# [DATA PROVIDED]
►
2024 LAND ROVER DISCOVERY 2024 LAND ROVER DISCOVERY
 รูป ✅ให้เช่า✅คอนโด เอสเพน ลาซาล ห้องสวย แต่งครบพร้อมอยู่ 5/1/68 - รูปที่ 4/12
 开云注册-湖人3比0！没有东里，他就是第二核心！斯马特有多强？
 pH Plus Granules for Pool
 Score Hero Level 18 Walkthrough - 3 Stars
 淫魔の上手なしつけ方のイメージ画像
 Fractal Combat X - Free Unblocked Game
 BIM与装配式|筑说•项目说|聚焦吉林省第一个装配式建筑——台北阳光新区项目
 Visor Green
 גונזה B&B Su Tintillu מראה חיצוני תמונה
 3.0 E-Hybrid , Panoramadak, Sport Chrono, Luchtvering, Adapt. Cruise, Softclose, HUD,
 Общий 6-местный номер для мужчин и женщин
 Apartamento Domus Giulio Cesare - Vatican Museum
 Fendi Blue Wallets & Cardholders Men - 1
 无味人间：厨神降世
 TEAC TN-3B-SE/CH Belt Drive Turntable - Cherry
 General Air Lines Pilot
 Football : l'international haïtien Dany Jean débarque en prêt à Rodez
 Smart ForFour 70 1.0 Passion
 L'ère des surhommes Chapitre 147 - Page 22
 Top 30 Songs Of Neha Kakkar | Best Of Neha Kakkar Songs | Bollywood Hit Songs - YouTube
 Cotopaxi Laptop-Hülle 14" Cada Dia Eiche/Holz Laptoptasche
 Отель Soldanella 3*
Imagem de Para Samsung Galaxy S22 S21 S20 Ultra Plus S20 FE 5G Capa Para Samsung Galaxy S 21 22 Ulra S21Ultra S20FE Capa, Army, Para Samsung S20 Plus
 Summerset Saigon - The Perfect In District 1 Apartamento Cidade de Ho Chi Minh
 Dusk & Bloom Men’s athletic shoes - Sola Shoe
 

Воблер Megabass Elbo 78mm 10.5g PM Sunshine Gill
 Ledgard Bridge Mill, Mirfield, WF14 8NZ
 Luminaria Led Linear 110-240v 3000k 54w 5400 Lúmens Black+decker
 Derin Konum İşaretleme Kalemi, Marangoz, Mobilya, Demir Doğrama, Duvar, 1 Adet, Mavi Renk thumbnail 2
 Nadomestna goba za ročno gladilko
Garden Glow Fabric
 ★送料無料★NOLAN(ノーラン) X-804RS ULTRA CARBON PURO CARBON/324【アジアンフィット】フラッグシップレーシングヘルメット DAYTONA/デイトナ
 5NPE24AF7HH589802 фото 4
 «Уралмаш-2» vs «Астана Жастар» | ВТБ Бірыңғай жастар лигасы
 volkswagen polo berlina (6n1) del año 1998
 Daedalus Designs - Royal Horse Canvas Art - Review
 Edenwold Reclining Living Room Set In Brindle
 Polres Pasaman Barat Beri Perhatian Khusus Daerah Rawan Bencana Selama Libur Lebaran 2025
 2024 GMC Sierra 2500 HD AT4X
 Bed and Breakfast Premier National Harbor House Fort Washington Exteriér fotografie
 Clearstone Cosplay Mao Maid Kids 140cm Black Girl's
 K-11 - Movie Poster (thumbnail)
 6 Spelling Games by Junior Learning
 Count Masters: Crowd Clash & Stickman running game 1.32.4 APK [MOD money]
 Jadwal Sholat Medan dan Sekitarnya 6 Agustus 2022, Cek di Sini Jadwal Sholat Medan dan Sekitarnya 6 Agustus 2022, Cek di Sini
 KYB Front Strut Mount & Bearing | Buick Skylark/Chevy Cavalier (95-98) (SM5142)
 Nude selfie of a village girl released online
◄
# [YOUR ASSIGNMENT]
Say the number of lines in the listing that hold "Plus", with no added words.

# [ANSWER TO THIS EXERCISE]
2